Exercise materials:
________________
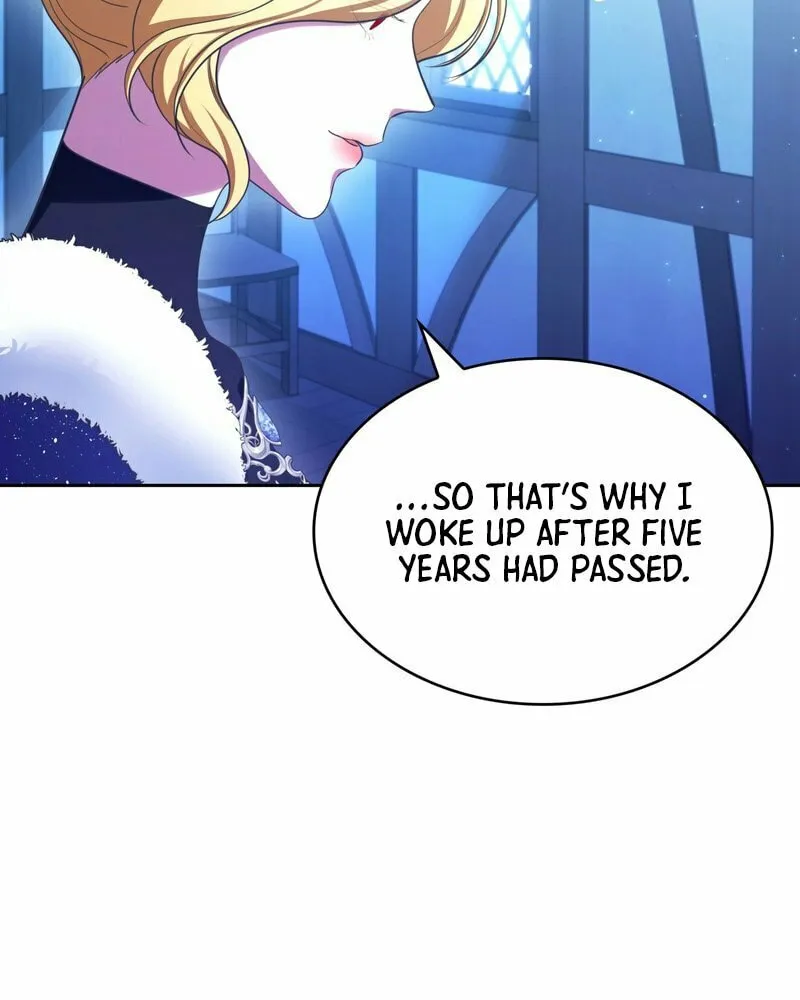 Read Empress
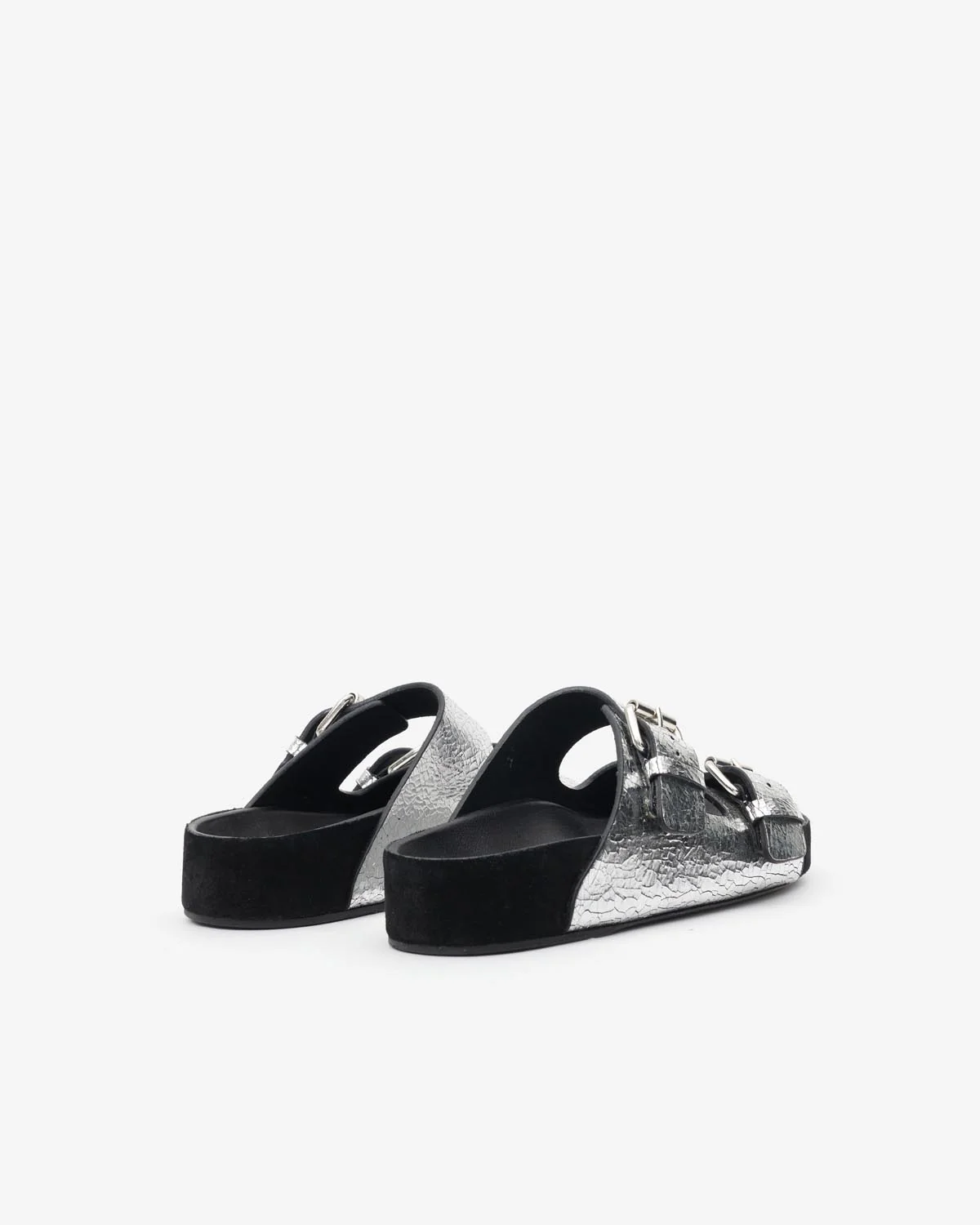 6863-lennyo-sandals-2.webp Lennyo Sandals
________________
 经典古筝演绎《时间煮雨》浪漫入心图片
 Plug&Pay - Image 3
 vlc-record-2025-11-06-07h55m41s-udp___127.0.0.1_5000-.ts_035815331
________________
Your assignment: When you reach the line holding "Read Empress" in the listing above, begin retyping exactly, and stop once the line holding "6863-lennyo-sandals-2.webp Lennyo Sandals" is done; pictures stay out.

Worked solution:
 Read Empress
 6863-lennyo-sandals-2.webp Lennyo Sandals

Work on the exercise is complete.